The W3C Multimodal Interaction Activity has posted the first public working draft of Multimodal Architecture and Interfaces. Quoting from the draft,
This document describes the architecture of the Multimodal Interaction (MMI) framework and the interfaces between its constituents. The MMI Working Group is aware that multimodal interfaces are an area of active research and that commercial implementations are only beginning to emerge. Therefore we do not view our goal as standardizing a hypothetical existing common practice, but rather providing a platform to facilitate innovation and technical development. Therefore the aim of this design is to provide a general and flexible framework providing interoperability among modality-specific components from different vendors - for example, speech recognition from one vendor and handwriting recognition from another. This framework places very few restrictions on the individual components or on their interactions with each other, but instead focuses on providing a general means for allowing them to communicate with each other, plus basic infrastructure for application control and platform services.
Our framework is motivated by several basic design goals:
- Encapsulation. The achitecture should make no assumptions about the internal implementation of components, which will be treated as black boxes.
- Distribution. The architecture should support both distributed and co-hosted implementations.

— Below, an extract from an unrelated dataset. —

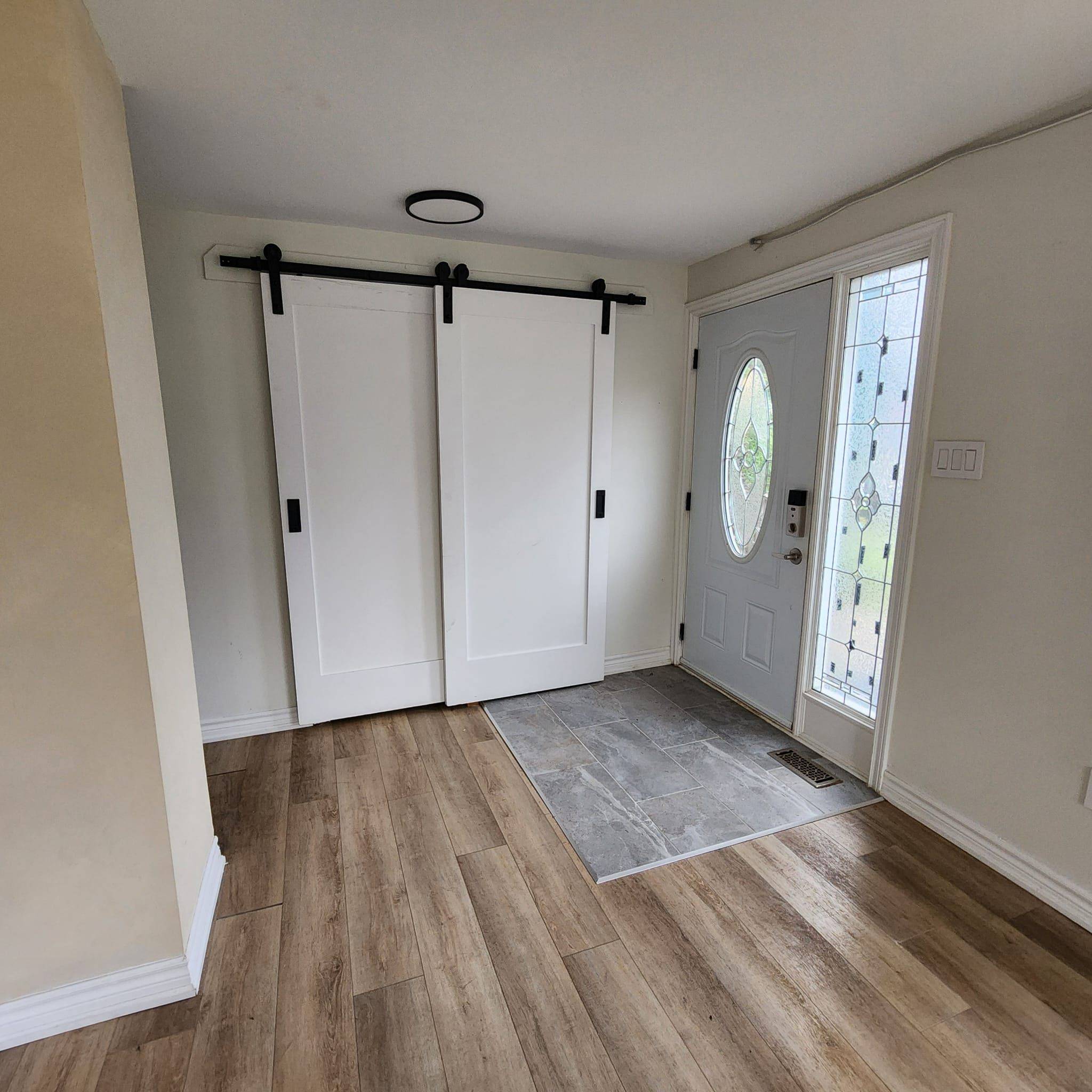 Halton Hills, ON L7G 4S4,526 Guelph ST #Upper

- Extensibility. The architecture should facilitate the integration of new modality components. For example, given an existing implementation with voice and graphics components, it should be possible to add a new component (for example, a biomentric security component) without modifying the existing components.
- Recursiveness. The architecture should allow for nesting, so that an instance of the framework consisting of several components can be packaged up to appear as a single component to a higher-level instance of the architecture.
- Modularity. The architecture should provide for the separation of data, control, and presentation.